-- RECORD EXTRACTS follows --
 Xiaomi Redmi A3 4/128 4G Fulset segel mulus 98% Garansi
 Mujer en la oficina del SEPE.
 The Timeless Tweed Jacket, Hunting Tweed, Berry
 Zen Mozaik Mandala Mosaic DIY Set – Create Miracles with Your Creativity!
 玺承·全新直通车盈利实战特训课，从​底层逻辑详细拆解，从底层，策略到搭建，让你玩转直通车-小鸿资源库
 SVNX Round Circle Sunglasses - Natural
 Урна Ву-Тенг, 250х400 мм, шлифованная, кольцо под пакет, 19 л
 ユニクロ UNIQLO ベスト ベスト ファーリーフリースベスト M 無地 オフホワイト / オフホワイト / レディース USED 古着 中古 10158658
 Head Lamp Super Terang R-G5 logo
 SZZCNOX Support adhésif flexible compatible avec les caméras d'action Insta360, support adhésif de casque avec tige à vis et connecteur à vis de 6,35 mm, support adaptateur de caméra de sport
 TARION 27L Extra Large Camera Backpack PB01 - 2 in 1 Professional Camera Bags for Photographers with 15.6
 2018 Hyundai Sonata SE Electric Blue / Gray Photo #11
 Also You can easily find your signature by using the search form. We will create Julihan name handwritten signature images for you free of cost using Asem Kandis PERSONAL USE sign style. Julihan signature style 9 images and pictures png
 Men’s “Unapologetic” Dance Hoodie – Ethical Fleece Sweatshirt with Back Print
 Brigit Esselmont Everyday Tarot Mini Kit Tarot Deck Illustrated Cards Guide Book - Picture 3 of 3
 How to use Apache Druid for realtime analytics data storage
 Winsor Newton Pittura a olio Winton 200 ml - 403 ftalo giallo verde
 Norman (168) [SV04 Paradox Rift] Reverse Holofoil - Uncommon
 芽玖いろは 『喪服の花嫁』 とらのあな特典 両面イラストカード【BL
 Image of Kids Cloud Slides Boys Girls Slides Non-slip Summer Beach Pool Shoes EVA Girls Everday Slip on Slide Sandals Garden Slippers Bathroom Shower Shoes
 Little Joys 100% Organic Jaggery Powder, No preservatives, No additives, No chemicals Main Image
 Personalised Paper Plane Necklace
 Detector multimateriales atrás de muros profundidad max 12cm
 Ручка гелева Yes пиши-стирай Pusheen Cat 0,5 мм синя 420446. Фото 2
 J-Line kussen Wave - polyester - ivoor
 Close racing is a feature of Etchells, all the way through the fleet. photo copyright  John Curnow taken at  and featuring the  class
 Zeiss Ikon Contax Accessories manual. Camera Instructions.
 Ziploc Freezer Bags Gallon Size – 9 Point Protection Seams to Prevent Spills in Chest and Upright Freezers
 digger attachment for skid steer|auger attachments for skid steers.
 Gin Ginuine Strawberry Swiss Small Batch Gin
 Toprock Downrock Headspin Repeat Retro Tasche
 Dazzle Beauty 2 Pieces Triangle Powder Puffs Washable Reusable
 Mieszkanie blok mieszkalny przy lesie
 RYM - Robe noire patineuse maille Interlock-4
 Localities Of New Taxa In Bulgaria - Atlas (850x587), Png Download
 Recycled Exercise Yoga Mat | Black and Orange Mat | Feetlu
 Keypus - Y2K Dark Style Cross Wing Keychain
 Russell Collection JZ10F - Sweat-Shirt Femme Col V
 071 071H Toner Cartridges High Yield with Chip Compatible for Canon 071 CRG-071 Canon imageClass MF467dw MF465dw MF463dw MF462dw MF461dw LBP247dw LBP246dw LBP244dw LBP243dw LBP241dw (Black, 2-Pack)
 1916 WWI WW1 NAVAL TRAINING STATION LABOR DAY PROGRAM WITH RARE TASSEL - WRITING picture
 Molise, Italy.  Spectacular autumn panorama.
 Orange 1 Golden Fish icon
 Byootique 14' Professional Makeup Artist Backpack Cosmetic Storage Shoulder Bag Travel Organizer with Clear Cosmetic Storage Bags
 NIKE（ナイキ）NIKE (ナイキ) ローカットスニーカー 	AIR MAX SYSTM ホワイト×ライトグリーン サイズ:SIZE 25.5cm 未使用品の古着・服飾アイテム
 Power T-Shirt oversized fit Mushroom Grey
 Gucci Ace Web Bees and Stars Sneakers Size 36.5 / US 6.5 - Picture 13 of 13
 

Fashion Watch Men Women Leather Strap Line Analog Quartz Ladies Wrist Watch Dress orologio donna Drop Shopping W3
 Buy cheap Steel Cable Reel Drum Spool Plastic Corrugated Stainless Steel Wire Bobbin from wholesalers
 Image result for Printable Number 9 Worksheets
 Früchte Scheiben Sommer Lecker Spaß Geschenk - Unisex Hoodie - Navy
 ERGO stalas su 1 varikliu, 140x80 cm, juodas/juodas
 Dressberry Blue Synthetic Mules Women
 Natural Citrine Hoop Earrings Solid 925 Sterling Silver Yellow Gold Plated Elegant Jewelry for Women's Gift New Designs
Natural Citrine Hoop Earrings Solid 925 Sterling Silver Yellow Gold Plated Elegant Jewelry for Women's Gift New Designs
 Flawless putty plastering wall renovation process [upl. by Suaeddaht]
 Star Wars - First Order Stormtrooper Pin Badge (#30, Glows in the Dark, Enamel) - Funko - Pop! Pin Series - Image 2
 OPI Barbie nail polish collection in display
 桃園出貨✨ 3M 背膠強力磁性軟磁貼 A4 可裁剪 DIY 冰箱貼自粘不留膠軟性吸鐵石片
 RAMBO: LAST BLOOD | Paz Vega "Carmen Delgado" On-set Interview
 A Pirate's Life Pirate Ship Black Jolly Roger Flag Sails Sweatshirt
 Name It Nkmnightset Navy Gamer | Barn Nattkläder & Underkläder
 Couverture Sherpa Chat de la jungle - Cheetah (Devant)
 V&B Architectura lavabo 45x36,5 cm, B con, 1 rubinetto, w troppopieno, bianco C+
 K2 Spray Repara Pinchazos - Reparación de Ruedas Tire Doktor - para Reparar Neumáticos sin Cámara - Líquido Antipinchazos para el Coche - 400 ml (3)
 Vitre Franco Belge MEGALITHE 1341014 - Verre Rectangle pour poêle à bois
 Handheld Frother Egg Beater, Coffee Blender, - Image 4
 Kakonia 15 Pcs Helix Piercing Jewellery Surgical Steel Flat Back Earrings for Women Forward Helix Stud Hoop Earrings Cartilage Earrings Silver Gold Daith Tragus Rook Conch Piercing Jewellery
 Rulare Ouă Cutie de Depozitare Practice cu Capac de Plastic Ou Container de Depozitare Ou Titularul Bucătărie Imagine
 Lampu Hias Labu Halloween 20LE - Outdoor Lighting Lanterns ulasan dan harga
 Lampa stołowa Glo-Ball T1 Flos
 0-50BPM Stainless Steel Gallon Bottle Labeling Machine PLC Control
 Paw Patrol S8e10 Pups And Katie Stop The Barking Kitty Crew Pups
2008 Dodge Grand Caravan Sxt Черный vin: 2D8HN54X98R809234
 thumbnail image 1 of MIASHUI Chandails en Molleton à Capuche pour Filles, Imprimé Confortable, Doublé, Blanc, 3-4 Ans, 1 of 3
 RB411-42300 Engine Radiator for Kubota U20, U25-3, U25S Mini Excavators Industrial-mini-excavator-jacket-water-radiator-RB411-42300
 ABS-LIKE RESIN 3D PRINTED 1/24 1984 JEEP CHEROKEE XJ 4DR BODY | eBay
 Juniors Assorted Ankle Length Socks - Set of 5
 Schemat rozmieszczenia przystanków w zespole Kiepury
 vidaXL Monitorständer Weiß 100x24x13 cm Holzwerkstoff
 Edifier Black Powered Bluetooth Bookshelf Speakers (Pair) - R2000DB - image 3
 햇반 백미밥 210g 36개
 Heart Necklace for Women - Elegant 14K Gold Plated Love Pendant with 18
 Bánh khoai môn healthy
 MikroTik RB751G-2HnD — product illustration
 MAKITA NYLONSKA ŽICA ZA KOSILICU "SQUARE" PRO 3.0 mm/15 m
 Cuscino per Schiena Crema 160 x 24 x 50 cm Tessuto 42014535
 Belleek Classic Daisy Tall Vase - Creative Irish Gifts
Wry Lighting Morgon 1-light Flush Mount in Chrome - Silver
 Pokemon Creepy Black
-- RECORD EXTRACTS concluded --
## [EXERCISE DESCRIPTION]
For this exercise, please output exactly the lines above starting at the line with "Head Lamp Super Terang R-G5 logo" and ending at the line with "Also You can", ends included.

## [EXERCISE RESPONSE]
 Head Lamp Super Terang R-G5 logo
 SZZCNOX Support adhésif flexible compatible avec les caméras d'action Insta360, support adhésif de casque avec tige à vis et connecteur à vis de 6,35 mm, support adaptateur de caméra de sport
 TARION 27L Extra Large Camera Backpack PB01 - 2 in 1 Professional Camera Bags for Photographers with 15.6
 2018 Hyundai Sonata SE Electric Blue / Gray Photo #11
 Also You can easily find your signature by using the search form. We will create Julihan name handwritten signature images for you free of cost using Asem Kandis PERSONAL USE sign style. Julihan signature style 9 images and pictures png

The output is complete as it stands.